Thanks for the feedback! 

Unfortunately, there isn't a tag or label anywhere on the exterior of the refrigerator.  I am going to have to remove the back panel to see if there is anything there.

I will also check out the recommended website.........................


----------



## nealtw (Oct 17, 2014)

Heres a google seach, sometime a picture helps
https://www.google.ca/search?q=anti...a=X&ei=xa1BVL7zLtDtoASoq4KwBg&ved=0CAYQ_AUoAQ


----------



## Forever_Remodeling (Oct 18, 2014)

This would be the one................

http://galleryplus.ebayimg.com/ws/web/380720070181_1_0_1/1000x1000.jpg


----------



## jeff1 (Oct 18, 2014)

> Unfortunately, there isn't a tag or label anywhere on the exterior of the refrigerator. I am going to have to remove the back panel to see if there is anything there.

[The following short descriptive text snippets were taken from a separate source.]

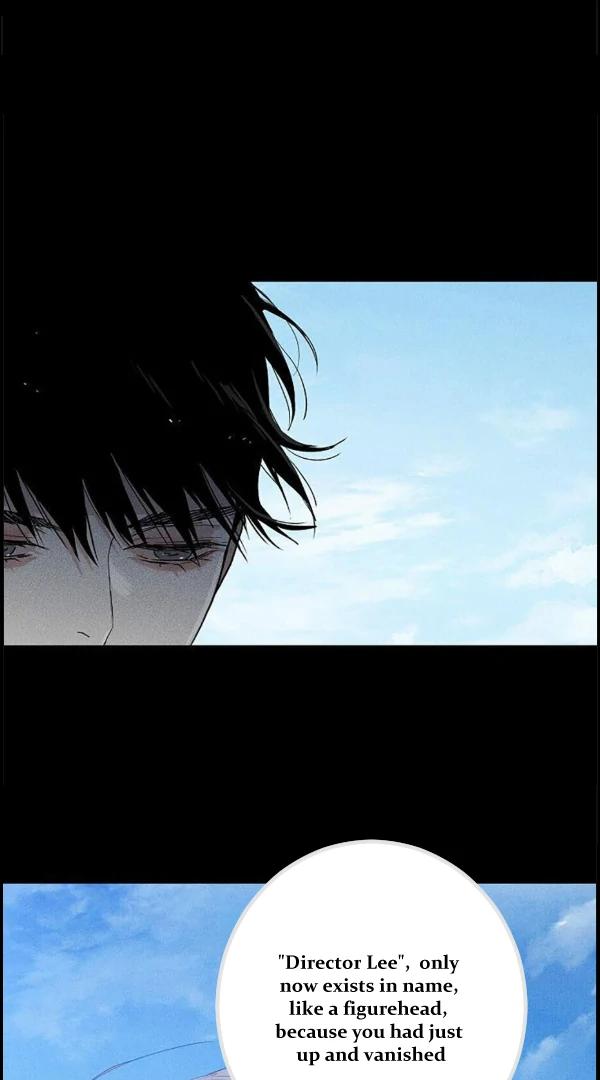 Missing-Love-A-Married-Man-By-In-Herin-Eng page 34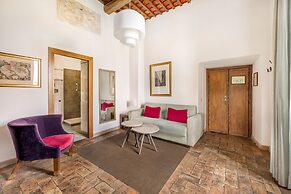 Palazzo Catalani Resort
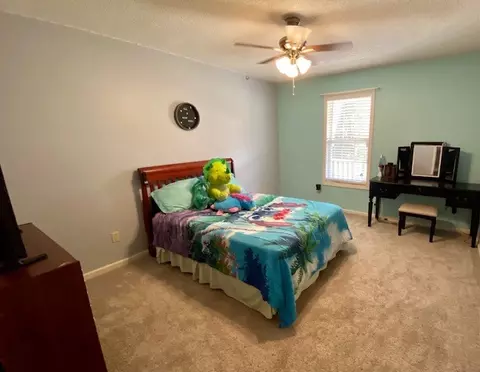 229 Lewis Rd, Williamston, SC 29697 photo 12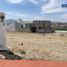  Grundstück zu verkaufen in San Luis Potosi, San Luis Potosi, San Luis Potosi, San Luis Potosi
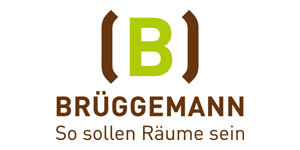 Kundenlogo von Brüggemann Innenausbau GmbH Kundenlogo von Brüggemann Innenausbau GmbH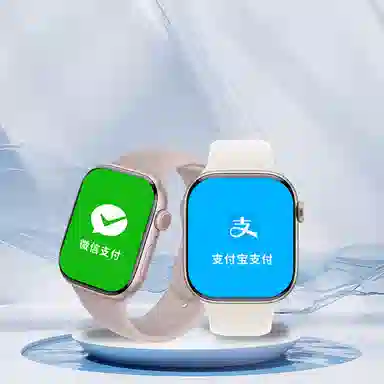 JOKER CAT ZN0052 Mini - NFC41MM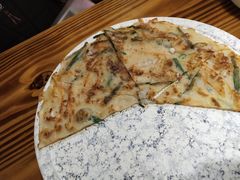 -新白鹿餐厅(爱琴海购物中心店)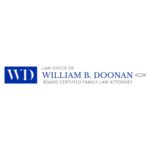 Law Office of William B. Doonan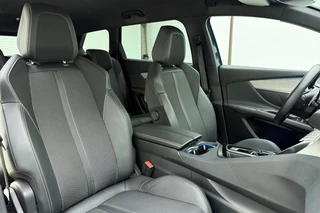 Peugeot 5008 – thumbnail 14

Nothing behind that lower front drawer panal?

jeff.


----------



## Forever_Remodeling (Oct 18, 2014)

Just brought it home today out of storage.  Much better to have it in front of me instead of going off of memory.

Yes there is this behind the lower drawer:

R6R  1125832          A1741V.   The A1741V is separate from the first set of numbers.  

Looking at it, my guess is that it is an ammonia system.   Surprisingly, the tubing looks great. No rust, corrosion, etc anywhere that I can see.   It also works fine.  

Now for the fun part.  Locating parts for it.   New door gasket and handle would make a good start  

Suggestions?


----------



## jeff1 (Oct 18, 2014)

Gasket...
http://www.appliance411.com/links/jump.cgi?ID=968
http://www.appliance411.com/links/jump.cgi?ID=969

jeff.


----------



## Forever_Remodeling (Oct 19, 2014)

Wow!  THANKS!


----------



## nealtw (Oct 19, 2014)

Might try these guys.
http://store.antiqueappliances.com/Refrigerator-Parts_c_1.html


----------